- WORK INSTRUCTION -
Return exactly the lines from the one containing "Медведица проверяет, не" through the last line of the records below, both included, and leave out any pictures.

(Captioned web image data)
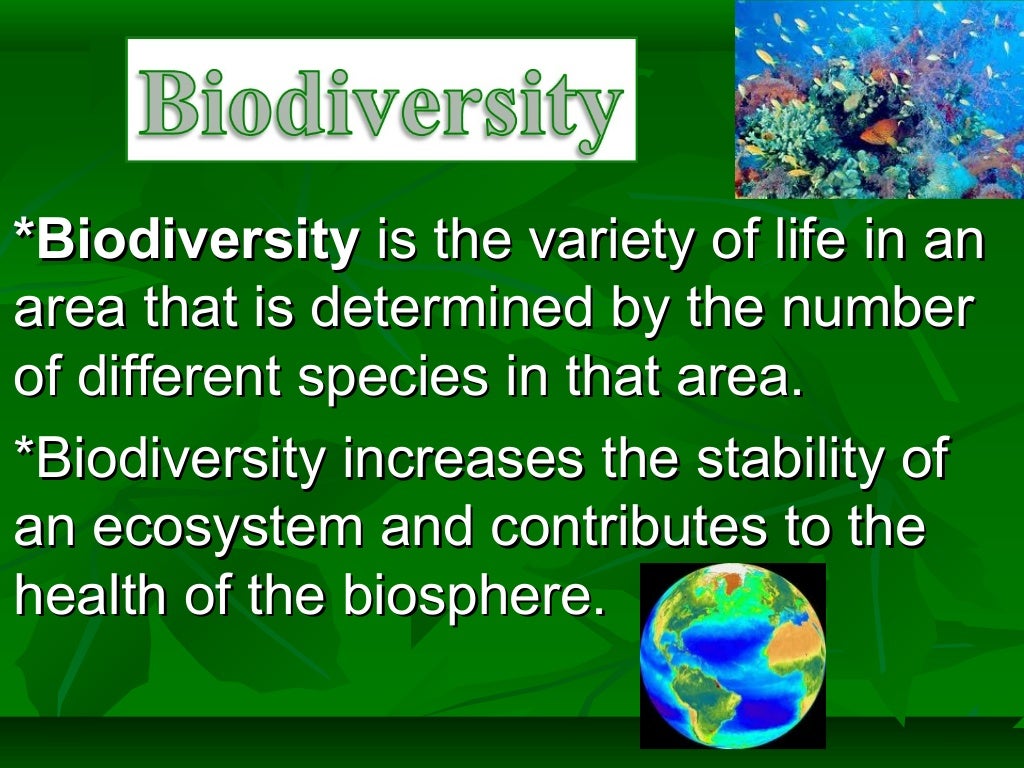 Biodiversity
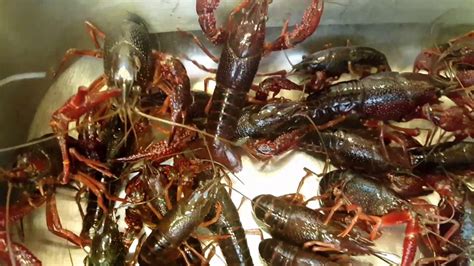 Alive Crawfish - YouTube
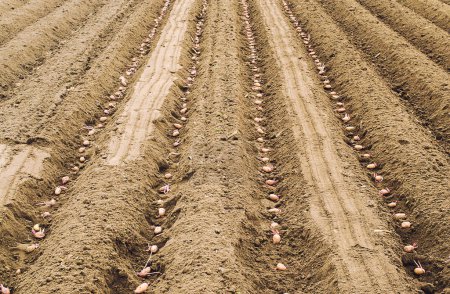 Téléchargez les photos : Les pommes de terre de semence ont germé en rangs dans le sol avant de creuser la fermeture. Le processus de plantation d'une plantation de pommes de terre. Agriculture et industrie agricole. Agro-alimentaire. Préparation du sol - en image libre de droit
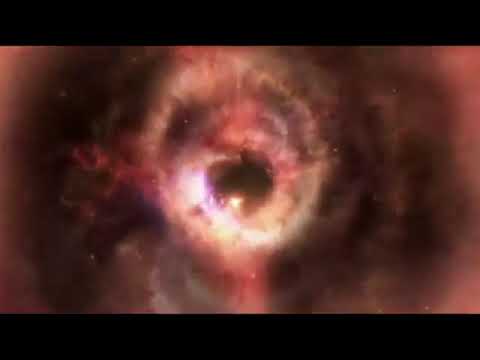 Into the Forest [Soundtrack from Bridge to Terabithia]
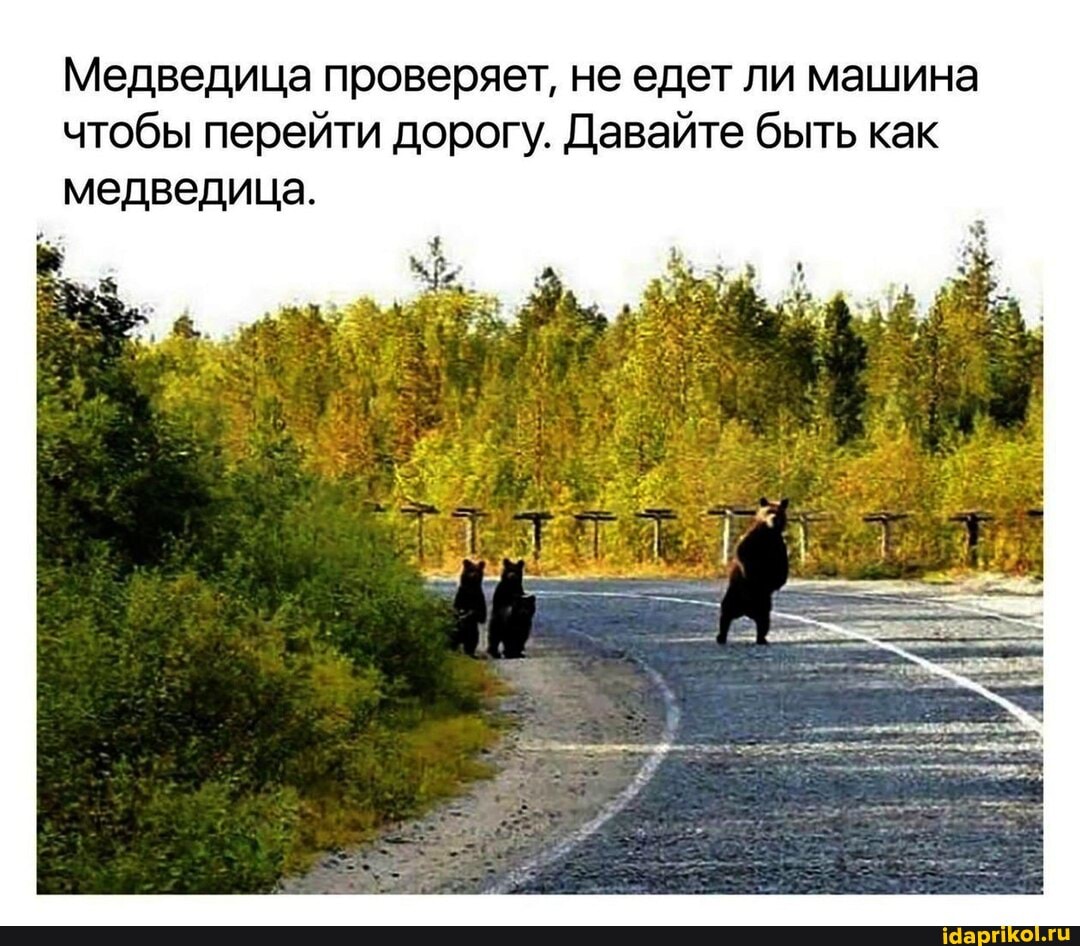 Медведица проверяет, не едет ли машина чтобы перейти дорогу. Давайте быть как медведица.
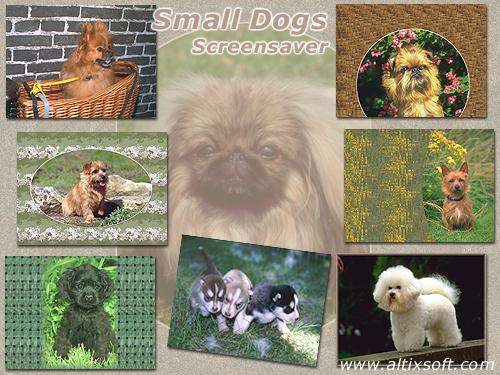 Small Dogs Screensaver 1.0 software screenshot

- RESPONSE BELOW -
 Медведица проверяет, не едет ли машина чтобы перейти дорогу. Давайте быть как медведица.
 Small Dogs Screensaver 1.0 software screenshot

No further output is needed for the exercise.